**Task instructions**
Please set down only the lines running from the one with "Of course, we're" through the last line of the entries, exactly as written and without any pictures.

**Exercise input**
□ □ □ □

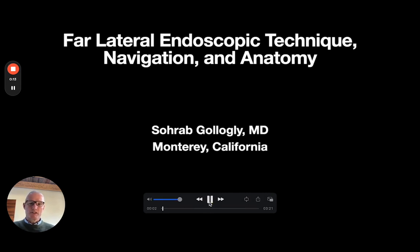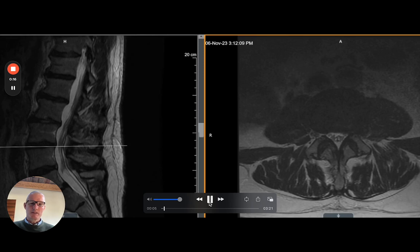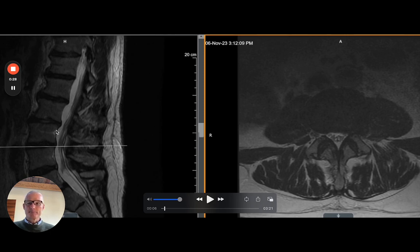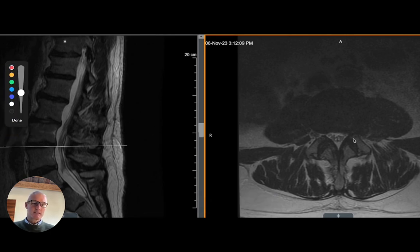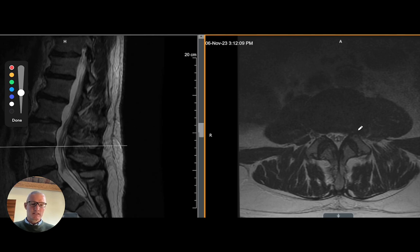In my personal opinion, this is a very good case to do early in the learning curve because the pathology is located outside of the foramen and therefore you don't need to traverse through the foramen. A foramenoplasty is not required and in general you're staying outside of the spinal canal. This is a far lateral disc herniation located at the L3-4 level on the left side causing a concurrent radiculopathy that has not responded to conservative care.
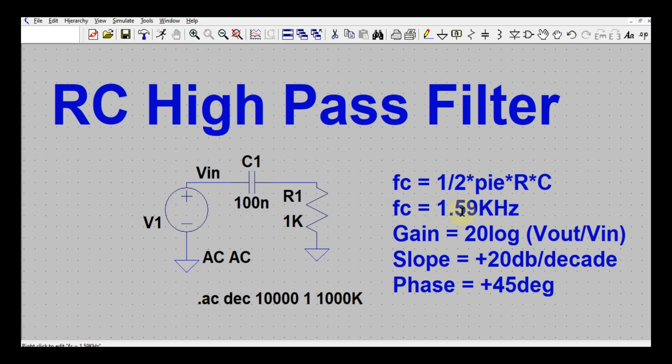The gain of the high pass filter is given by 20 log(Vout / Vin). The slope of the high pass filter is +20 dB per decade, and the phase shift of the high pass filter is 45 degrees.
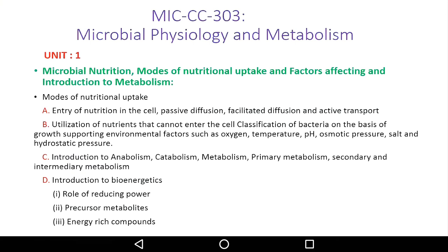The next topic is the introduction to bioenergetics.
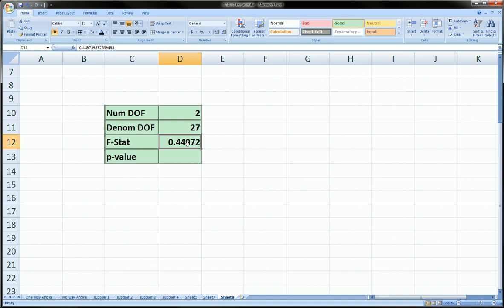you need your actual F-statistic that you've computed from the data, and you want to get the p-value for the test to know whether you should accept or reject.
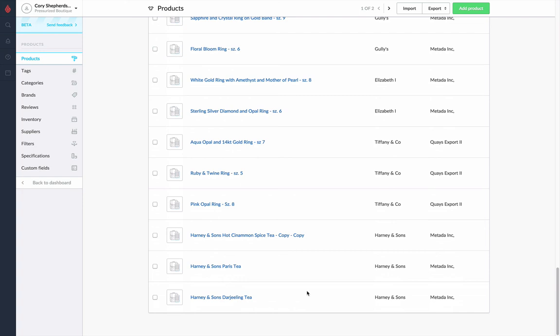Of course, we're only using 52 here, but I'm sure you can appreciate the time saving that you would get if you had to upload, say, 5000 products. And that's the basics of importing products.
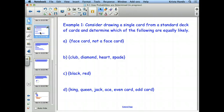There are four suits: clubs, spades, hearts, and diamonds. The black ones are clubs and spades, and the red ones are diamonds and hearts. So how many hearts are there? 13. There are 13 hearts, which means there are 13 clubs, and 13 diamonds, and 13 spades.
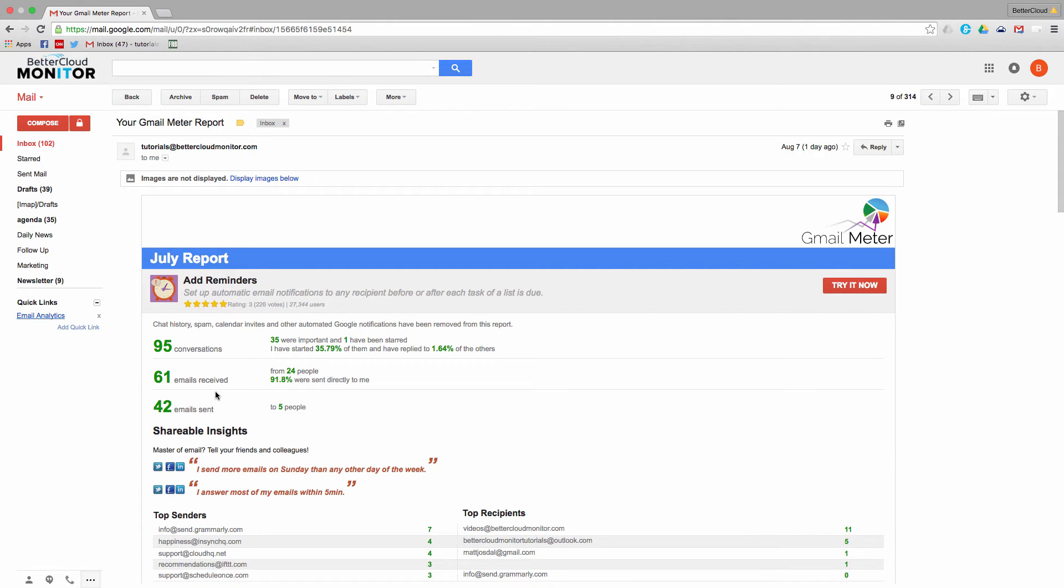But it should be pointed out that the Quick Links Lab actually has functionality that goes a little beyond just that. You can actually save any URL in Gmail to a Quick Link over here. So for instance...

□ □ □ □

**Result of the exercise**
Of course, we're only using 52 here, but I'm sure you can appreciate the time saving that you would get if you had to upload, say, 5000 products. And that's the basics of importing products.
There are four suits: clubs, spades, hearts, and diamonds. The black ones are clubs and spades, and the red ones are diamonds and hearts. So how many hearts are there? 13. There are 13 hearts, which means there are 13 clubs, and 13 diamonds, and 13 spades.
But it should be pointed out that the Quick Links Lab actually has functionality that goes a little beyond just that. You can actually save any URL in Gmail to a Quick Link over here. So for instance...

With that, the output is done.